At last, after what seemed like an endless wait at the Censor Board, Rahul Dholakia’s “Parzania” opened on January 26, 2007, significantly coinciding with India’s Republic Day.

Dholakia had to face hassles, because “Parzania’ – though a story about a missing boy and his distraught parents – uses the 2002 Gujarat genocide (this is the term I would use for the so-called riots in which thousands were butchered and thousands lost their homes) as a backdrop. Based on the tragic experience of Dholakia’s own friend and his wife, who lost their 14-year-old son in Ahmedabad, the film punches power into what is seemingly a piece of invention.

Often, such fictionalised accounts of true incidents make a far greater impact on the mind than a documentary. Had Dholakia made one, I wonder if it could have been as effective.

“Parzania” uses the excellent ability of Naseeruddin Shah, a theatre projectionist, and his screen wife, Sarika, to build superb characters who live through the entire gamut of emotions: from joy to despair to grief and finally to a sense of resignation. There is an excellent scene where we see Naseer break down in the darkness of a burnt-out cinema, interestingly screening “Kabhi Kushi, Kabhi Gham”.

But this work clearly belongs to Sarika, whose performance is exceptional, reminding us of what a great actress she is and what a loss it was to Indian cinema when she was away in Chennai as wife and mother.

Through such outstanding portrayals, we come face-to-face with the enormity of the carnage that turned man into beast, and Dholakia packs most frames with the pain and sorrow of unimaginable loss. Unlike some others, he does not give us a lollipop end; rather, we come out of the auditorium not just wounded but terribly ashamed.

The picture could have done with some tighter editing though: the run-up to the blood and gore seems unnecessarily stretched, and “Parzania”, in parts, appears somewhat preachy. The attempts at rekindling Gandhian ideals distract us from the main thread of thought. There is also a distinctive effort to unite Hindus and Muslims, and however well Dholakia may mean, such an approach can be easily misread.

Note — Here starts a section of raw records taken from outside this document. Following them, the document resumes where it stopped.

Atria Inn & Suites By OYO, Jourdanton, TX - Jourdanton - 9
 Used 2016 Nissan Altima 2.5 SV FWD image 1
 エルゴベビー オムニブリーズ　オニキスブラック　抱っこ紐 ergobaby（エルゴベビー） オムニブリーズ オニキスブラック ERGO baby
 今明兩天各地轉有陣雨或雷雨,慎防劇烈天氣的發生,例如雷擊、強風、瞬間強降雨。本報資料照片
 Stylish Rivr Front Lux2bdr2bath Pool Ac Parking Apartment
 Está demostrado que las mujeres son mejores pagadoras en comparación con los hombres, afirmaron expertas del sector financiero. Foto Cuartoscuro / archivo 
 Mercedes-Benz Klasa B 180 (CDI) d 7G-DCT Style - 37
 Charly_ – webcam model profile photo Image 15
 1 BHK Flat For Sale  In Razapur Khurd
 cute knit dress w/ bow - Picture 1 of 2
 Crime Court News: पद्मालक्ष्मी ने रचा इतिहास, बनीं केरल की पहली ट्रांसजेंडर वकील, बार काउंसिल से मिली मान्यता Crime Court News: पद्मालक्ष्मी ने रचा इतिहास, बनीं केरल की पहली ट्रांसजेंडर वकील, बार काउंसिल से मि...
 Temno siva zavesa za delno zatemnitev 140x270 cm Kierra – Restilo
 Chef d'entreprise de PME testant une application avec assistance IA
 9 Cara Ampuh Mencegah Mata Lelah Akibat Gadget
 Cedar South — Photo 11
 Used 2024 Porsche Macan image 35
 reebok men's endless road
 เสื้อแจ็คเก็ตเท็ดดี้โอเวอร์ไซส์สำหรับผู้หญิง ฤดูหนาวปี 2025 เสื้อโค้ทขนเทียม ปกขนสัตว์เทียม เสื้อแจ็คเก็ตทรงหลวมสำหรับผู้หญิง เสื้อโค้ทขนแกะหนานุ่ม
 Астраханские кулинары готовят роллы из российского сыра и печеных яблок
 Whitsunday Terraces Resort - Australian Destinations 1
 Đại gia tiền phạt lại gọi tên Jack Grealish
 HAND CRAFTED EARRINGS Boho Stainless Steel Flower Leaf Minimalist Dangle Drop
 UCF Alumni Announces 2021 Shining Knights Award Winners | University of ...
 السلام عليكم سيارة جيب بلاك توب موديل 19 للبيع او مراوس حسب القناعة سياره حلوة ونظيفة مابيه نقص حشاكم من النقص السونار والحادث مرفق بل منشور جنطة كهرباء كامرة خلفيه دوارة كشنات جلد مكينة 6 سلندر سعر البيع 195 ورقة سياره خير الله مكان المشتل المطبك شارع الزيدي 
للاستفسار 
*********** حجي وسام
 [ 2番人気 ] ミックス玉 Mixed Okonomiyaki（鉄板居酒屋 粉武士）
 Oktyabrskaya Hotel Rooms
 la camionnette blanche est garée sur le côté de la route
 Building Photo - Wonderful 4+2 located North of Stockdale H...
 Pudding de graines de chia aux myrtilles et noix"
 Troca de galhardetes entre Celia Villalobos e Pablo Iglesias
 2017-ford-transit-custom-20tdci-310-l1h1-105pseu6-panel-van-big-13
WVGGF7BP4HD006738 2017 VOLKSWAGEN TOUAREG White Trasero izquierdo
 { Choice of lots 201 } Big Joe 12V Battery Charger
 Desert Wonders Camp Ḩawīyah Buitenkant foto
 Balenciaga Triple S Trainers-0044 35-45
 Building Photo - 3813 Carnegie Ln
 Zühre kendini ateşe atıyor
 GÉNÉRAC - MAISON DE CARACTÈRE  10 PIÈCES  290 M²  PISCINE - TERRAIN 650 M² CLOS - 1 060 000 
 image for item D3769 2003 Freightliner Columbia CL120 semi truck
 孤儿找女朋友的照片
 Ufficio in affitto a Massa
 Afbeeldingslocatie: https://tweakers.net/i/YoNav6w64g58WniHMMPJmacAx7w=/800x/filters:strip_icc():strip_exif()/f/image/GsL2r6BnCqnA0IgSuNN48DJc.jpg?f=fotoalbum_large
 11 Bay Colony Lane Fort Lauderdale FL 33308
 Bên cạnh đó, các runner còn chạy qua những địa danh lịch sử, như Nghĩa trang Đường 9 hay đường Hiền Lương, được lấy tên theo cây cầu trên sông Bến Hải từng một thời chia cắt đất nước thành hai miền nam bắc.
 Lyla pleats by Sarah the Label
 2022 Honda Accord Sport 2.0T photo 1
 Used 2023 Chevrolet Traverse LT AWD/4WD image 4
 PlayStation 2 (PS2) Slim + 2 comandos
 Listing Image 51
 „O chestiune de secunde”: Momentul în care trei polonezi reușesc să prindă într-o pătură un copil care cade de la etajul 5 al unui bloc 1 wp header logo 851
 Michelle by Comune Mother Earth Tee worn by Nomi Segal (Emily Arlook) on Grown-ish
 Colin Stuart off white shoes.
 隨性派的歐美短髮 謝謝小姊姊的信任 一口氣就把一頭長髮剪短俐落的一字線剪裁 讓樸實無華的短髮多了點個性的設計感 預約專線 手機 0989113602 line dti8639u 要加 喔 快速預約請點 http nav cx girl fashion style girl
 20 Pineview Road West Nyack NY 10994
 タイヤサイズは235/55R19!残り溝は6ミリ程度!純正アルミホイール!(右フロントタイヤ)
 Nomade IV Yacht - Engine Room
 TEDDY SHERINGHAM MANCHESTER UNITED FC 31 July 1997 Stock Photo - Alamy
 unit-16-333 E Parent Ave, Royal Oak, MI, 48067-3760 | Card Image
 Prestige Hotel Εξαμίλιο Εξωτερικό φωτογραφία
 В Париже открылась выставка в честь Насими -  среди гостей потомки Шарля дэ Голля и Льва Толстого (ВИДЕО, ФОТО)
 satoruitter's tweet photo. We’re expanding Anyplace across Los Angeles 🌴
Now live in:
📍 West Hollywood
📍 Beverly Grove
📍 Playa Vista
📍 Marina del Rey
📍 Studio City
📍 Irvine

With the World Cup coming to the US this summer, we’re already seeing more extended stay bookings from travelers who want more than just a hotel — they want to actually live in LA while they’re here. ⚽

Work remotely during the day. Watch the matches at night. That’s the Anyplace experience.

Finally, it may sound a little odd when the newspaper boy on the screen speaks English or the street-corner tea-wallah, but Dholakia would tells us that this is the only way to reach out to a pan-Indian, even a pan-global, audience. But, he forgets that in the bargain, he would lose out on India's nearly 70 per cent citizens who live outside urban areas. And they have a right to watch "Parzania" as much as anybody else.

Despite all this, I would say “Parzania” is one of the better celluloid creations I have seen in recent months.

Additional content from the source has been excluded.